There’s no shame in it. Take what the defense gives you. However, if we want to find QBs with a higher likelihood of generating more fantasy points, we need to account for their play style along with their accuracy.

Using 2024 as a proxy, we can see the strong correlation between CPOE and passing fantasy points. In other words, we were right! A dink-and-dunk QB isn’t the same as a tight-window thrower, assuming they’re completing passes at similar rates. One needs volume, while the other picks up yards in chunks. Anyway, now let’s see how we can use CPOE to help us navigate through the season.
How Can You Use CPOE in Fantasy Football?
Ultimately, CPOE gives us a better way to assess accuracy. Moreover, passing precision lends itself to more fantasy points. A takeaway would be to prioritize passers based on their CPOE from the previous season while drafting.

At first glance, seeing guys like Burrow and Lamar Jackson toward the top jibes with what we saw on the field. Even Sam Darnold, with the seventh-highest CPOE, isn’t outlandish. But Drake Maye isn’t more accurate than Patrick Mahomes.
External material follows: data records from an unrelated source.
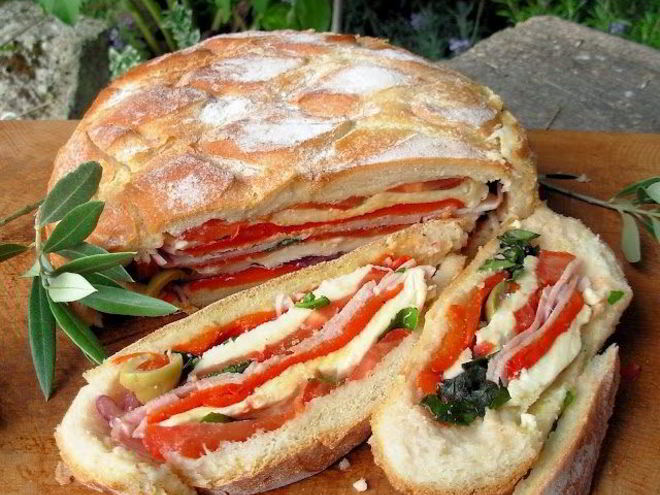 Рецепт бутербродов на пикник на природе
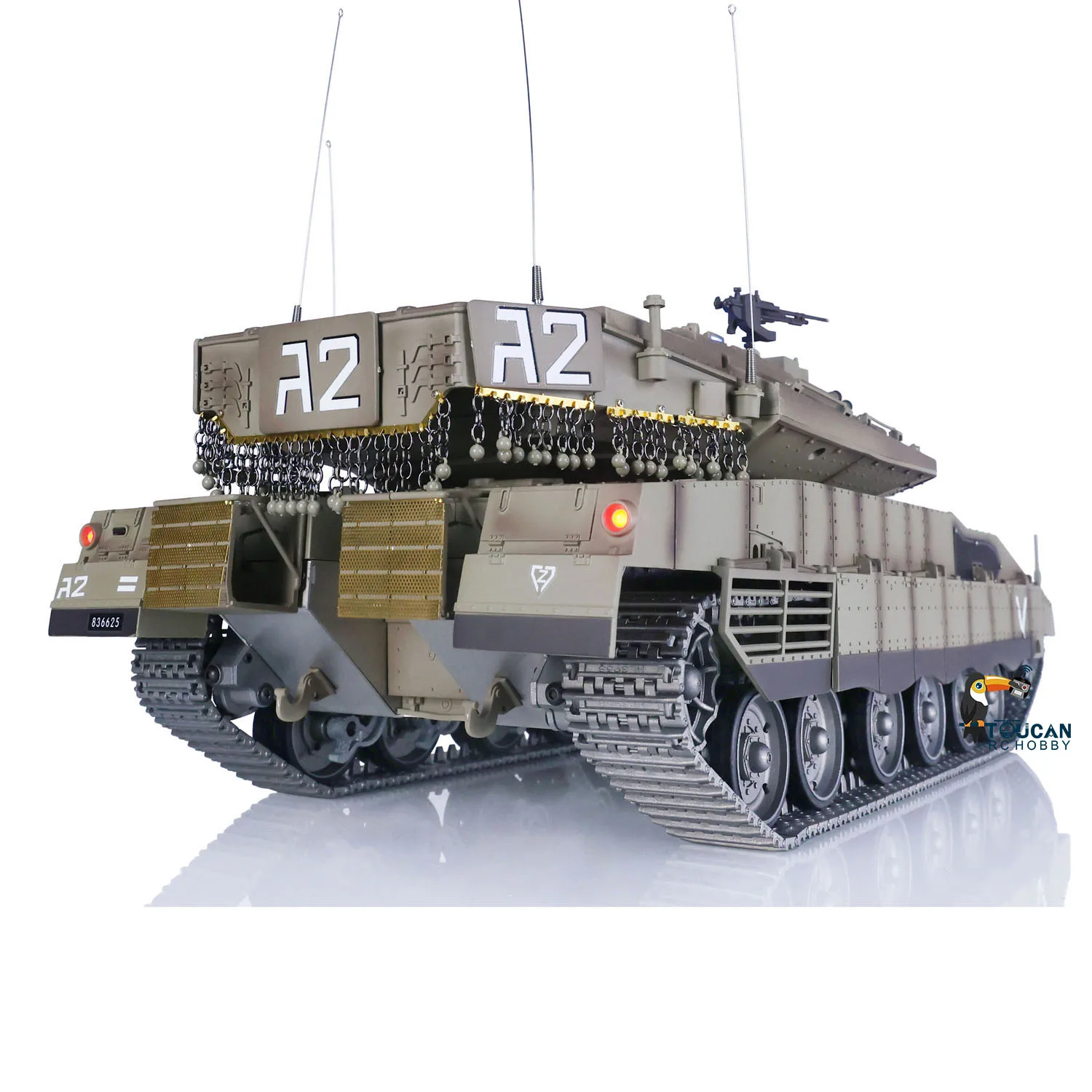 Merkava Heng Long RC Battle Tank TK7.1 1/16 Military Model IDF MK IV FPV Full Metal Chassis Body Light Smoking Toy 3958 TH22679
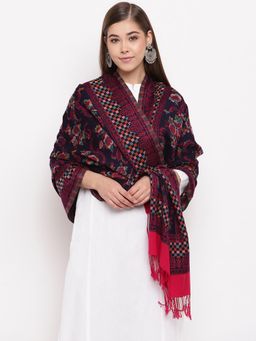 HK colours of fashion - Navy Blue Viscose Woven Stole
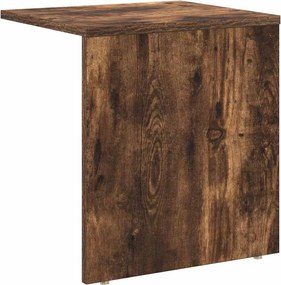 vidaXL End Table Καπνιστό Δρύς 37 x 32 x 40 εκ Επεξεργασμένο ξύλο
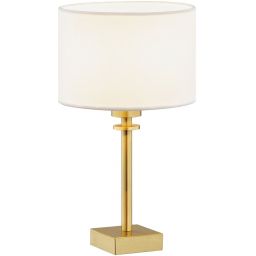 Argon Abbano lampa stołowa 1x15 W biała-mosiądz 8047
Well, at least we don’t know for sure yet. So, we can use a single season as a snapshot but not a referendum on their full body of work. For instance, look at Burrow’s career arc.
- 2020: 2.1%
- 2021: 6.6%
- 2022: 2.7%
- 2023: 1.2%
- 2024: 6.8%
You can almost see where Burrow’s injuries caused a drop in play. He tore his ACL midway through 2020, and the calf injury hampered most of ’23.
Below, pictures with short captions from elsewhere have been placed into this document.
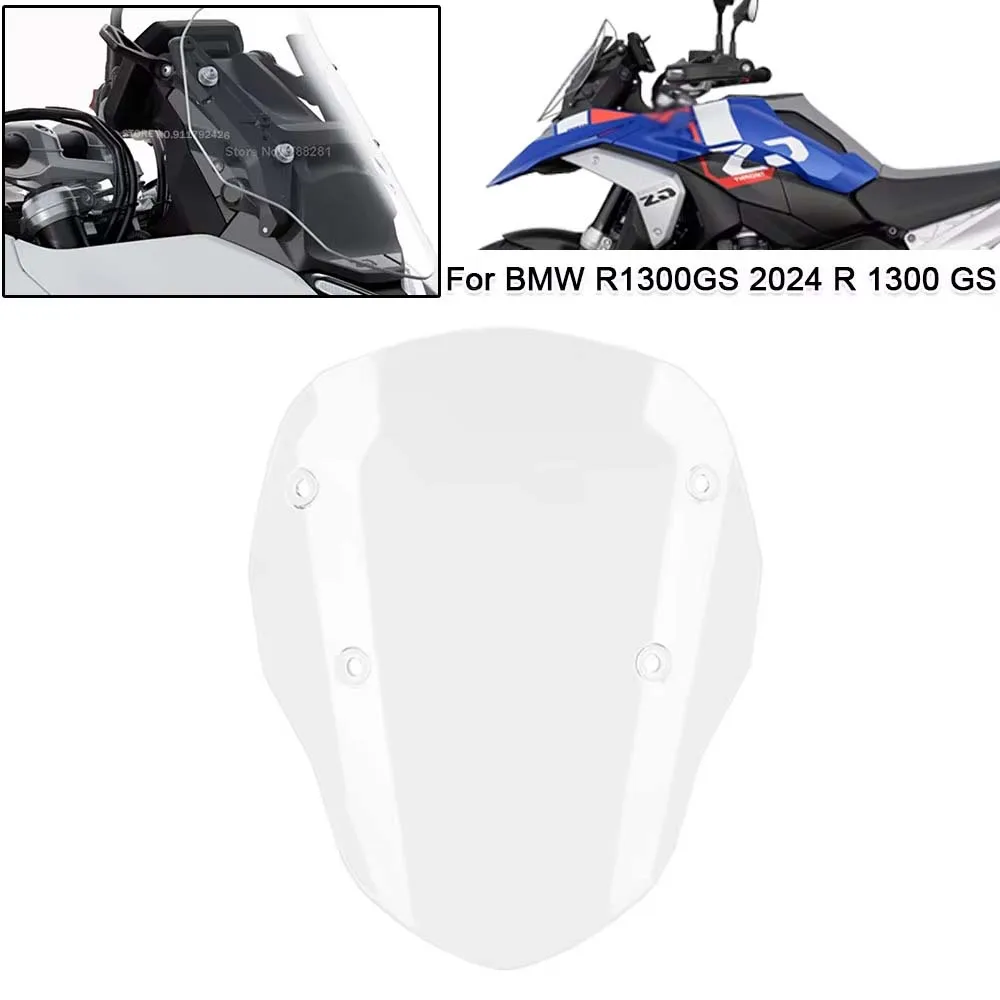 

For BMW R1300GS 2024 R 1300 GS GSR1300 R 1300GS Windshied Motorcycle Front Wind Deflector Screen Protective Cover Windscreen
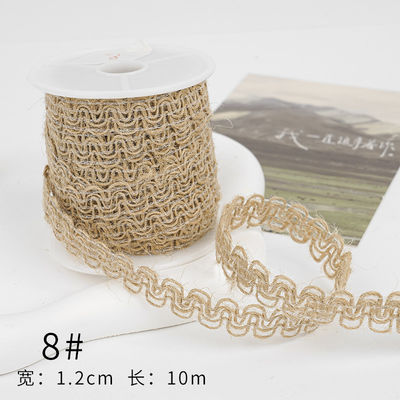 Christmas Brown Burlap Ribbon 5mm-45mm Wired Burlap Ribbon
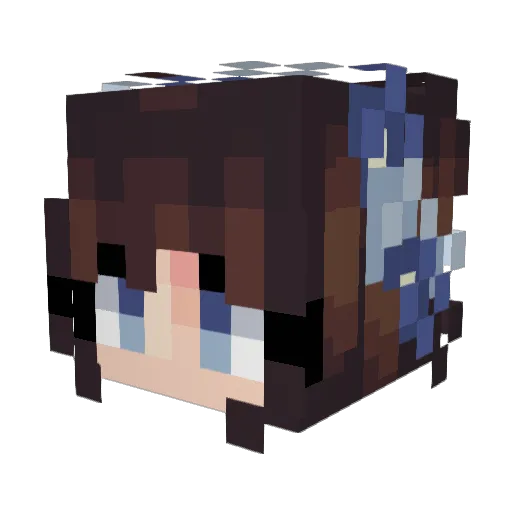 xShirone Minecraft avatar head, 3D render
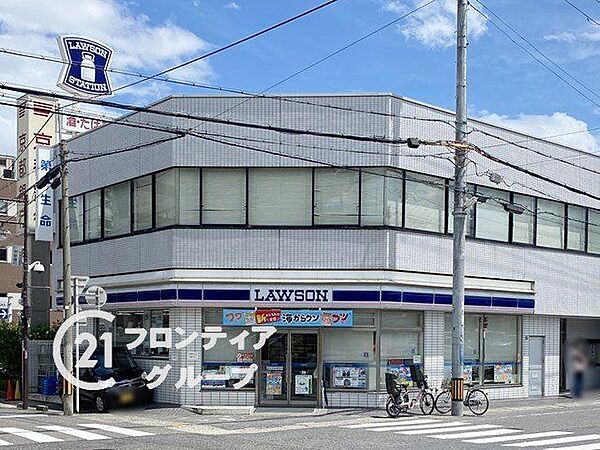 ローソン大津栄町店 徒歩7分。 530m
Anyway, we could apply the same logic to any passer for a single set of games. The outcome should be a method of comparing each QB. But let’s add a layer.

I zoomed in on the QBs who had a passing aDOT below the league average in 2024 (7.9 air yards). My reasoning was two-fold. First, if a signal-caller tended to target the short area of the field AND they were inaccurate, I’d make them avoid in ’25 drafts (see Rodgers, Aaron). Second, if I could find a path to any increases in depth or accuracy, that would make them an asset in fantasy. Mahomes is an easy example.
Rashee Rice went down in Week 4. Hollywood Brown didn’t return until the playoffs. Travis Kelce was a shell of himself until the stakes were high. After seeing the bulk of Mahomes’s targets go to Xavier “I Don’t Know Where the Sideline Is” Worthy, the husk of DeAndre Hopkins, and Justin Watson, KC’s passing game should rebound with a clean bill of health by September. However, the guy right next to Mahomes on the chart caught my eye.
The rapport (or lack thereof) between Kyler Murray and Marvin Harrison was a talking point throughout Harrison’s rookie season. His on-field deployment didn’t align with a typical WR1. He had the third-highest receiving aDOT of any WR with a 20.0% target share.
Murray’s height limitations aside, incorporating Harrison on higher-percentage concepts would keep him and the offense moving downfield. It’s something both have noted as next season approaches.
Trey McBride didn’t record a receiving TD until Week 17. Harrison needed time to get on the same page as his QB. Add in more time for Murray to fully recover from his ACL injury, and we can see how his CPOE (and subsequently his fantasy output) could exceed expectations in 2025.